Restate each entry word for word. Keep every detail intact.

════════════════

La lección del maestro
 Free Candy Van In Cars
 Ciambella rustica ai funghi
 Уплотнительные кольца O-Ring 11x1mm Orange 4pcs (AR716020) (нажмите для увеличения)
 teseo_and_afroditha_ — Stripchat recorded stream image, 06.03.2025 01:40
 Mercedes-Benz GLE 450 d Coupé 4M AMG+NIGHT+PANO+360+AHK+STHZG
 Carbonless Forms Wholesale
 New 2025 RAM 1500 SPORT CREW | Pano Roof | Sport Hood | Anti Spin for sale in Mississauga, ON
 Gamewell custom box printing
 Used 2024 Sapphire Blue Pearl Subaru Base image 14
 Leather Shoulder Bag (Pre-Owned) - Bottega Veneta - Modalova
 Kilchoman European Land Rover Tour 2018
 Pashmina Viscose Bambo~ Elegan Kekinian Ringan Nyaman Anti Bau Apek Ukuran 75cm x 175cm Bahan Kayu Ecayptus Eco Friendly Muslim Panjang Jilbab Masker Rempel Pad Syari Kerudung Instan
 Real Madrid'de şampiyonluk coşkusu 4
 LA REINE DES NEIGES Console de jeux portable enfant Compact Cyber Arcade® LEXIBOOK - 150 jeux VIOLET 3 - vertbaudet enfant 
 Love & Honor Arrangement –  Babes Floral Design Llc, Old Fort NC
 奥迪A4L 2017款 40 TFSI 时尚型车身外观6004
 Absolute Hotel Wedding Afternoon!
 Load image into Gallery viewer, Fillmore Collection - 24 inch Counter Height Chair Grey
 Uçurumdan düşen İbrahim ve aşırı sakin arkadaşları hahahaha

════════════════

Answer to this exercise:
La lección del maestro
 Free Candy Van In Cars
 Ciambella rustica ai funghi
 Уплотнительные кольца O-Ring 11x1mm Orange 4pcs (AR716020) (нажмите для увеличения)
 teseo_and_afroditha_ — Stripchat recorded stream image, 06.03.2025 01:40
 Mercedes-Benz GLE 450 d Coupé 4M AMG+NIGHT+PANO+360+AHK+STHZG
 Carbonless Forms Wholesale
 New 2025 RAM 1500 SPORT CREW | Pano Roof | Sport Hood | Anti Spin for sale in Mississauga, ON
 Gamewell custom box printing
 Used 2024 Sapphire Blue Pearl Subaru Base image 14
 Leather Shoulder Bag (Pre-Owned) - Bottega Veneta - Modalova
 Kilchoman European Land Rover Tour 2018
 Pashmina Viscose Bambo~ Elegan Kekinian Ringan Nyaman Anti Bau Apek Ukuran 75cm x 175cm Bahan Kayu Ecayptus Eco Friendly Muslim Panjang Jilbab Masker Rempel Pad Syari Kerudung Instan
 Real Madrid'de şampiyonluk coşkusu 4
 LA REINE DES NEIGES Console de jeux portable enfant Compact Cyber Arcade® LEXIBOOK - 150 jeux VIOLET 3 - vertbaudet enfant 
 Love & Honor Arrangement –  Babes Floral Design Llc, Old Fort NC
 奥迪A4L 2017款 40 TFSI 时尚型车身外观6004
 Absolute Hotel Wedding Afternoon!
 Load image into Gallery viewer, Fillmore Collection - 24 inch Counter Height Chair Grey
 Uçurumdan düşen İbrahim ve aşırı sakin arkadaşları hahahaha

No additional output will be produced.